What’s the point of Alaska?

"Please don't make me live in Canada" - Every Husky

I finally arrived home. I know you were all really worried about me. Dry your tears–I’m safe and sound in the Land of the Free and the home of Mickey D’s. On our flight from Seattle to Chicago, Paul and I sat next to a man from Alaska. And when I say man, I mean cowboy. And when I say cowboy, I mean that he smelled like beer and dirt.

While trying to avoid the cowboy’s bloodshot eyes, I started thinking about Alaska. Alaska is basically in Canada. Do we really need 50 states? I think we should give Alaska to Canada as a sign of trust and payment for all of the future oil that we’re going to steal from their oil sands. Yes, Canada has oil in it’s sand. I could be living in a very wealthy country some day, folks!

But in all seriousness, do Americans pay attention to Alaska? No. Would we care if Alaska was missing? No. Would care if every Alaskan was held hostage? Probs not. So why do we need it? Isn’t that just wasting more of our money? Downsizing seems so smart. Isn’t that a trend? America is like the TLC show Hoarders, and Alaska is burying us alive. Actually, it’s just setting off my OCD because it’s not connected to the mainland. I’m willing to make an exception for Hawaii. I’ve never been to Hawaii but I saw “The Descendants” and “Lilo and Stitch” so I think I’m able to make a fair judgement call on this one. Hawaii stays.
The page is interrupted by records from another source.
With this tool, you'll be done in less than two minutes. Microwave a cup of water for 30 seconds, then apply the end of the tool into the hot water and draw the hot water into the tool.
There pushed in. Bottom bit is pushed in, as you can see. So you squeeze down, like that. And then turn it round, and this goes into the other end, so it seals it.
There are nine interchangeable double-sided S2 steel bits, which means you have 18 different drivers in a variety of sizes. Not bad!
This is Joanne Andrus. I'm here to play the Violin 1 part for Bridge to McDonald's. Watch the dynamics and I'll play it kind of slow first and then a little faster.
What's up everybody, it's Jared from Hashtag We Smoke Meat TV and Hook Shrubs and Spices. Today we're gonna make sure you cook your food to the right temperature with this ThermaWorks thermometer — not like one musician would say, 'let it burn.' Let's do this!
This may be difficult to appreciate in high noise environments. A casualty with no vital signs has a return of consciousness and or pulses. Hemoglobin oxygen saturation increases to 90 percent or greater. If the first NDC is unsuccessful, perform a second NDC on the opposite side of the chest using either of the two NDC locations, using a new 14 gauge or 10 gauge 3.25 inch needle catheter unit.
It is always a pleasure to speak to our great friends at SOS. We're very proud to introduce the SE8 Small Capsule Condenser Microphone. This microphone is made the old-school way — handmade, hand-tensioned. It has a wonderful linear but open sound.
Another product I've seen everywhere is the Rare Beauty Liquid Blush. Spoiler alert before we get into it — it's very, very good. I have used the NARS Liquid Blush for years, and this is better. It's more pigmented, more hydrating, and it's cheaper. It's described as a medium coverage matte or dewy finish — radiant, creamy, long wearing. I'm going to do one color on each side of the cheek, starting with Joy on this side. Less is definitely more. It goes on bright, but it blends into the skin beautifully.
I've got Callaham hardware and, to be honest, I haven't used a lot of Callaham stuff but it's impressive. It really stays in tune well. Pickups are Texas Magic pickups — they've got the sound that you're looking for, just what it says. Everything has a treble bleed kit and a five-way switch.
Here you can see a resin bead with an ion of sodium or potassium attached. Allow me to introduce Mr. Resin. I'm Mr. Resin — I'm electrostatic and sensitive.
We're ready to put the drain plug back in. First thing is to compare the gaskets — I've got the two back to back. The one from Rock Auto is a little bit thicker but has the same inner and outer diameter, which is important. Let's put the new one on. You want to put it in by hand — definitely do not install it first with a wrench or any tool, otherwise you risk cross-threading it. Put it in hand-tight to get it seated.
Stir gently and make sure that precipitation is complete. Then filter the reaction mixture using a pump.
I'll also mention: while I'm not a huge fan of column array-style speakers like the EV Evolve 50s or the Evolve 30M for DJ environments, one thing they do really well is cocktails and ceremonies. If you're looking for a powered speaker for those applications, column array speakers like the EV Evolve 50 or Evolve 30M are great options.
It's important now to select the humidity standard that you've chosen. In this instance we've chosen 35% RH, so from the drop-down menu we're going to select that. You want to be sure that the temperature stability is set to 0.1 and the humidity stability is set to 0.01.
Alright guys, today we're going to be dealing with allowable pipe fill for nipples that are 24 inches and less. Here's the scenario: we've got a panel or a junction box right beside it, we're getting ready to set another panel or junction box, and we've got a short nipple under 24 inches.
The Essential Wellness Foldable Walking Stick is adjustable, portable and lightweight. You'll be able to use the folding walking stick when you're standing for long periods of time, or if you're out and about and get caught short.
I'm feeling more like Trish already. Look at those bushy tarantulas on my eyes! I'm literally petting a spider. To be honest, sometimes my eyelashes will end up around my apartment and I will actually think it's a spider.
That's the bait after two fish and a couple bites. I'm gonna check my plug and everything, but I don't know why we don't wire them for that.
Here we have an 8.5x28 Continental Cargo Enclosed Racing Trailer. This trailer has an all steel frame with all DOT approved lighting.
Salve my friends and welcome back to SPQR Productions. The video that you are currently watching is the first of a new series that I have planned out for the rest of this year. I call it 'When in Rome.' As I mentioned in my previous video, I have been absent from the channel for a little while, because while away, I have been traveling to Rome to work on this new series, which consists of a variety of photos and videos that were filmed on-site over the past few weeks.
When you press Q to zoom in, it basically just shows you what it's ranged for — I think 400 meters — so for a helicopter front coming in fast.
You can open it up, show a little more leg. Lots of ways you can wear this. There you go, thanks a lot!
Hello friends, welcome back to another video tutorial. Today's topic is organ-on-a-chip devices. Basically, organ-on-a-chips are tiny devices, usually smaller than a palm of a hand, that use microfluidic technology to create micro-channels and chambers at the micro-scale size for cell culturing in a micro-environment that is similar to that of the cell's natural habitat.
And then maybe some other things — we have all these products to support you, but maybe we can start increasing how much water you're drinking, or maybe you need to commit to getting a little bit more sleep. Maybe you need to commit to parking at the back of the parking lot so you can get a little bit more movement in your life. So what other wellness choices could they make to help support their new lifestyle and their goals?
This guy on the plane said that he was helping rebuild one of the first (and only, I’m guessing) cement sailboats. If that’s the kind of stuff they’re doing in Alaska, then maybe we should just dump it on Canada and let them support Alaska. Also, Canada would be over-accepting of Eskimos. They would probably only refer to them as Inuits like the politically correct people they are. And don’t act like they wouldn’t enjoy having 700,000 more members of Canadian society. Perfect solution.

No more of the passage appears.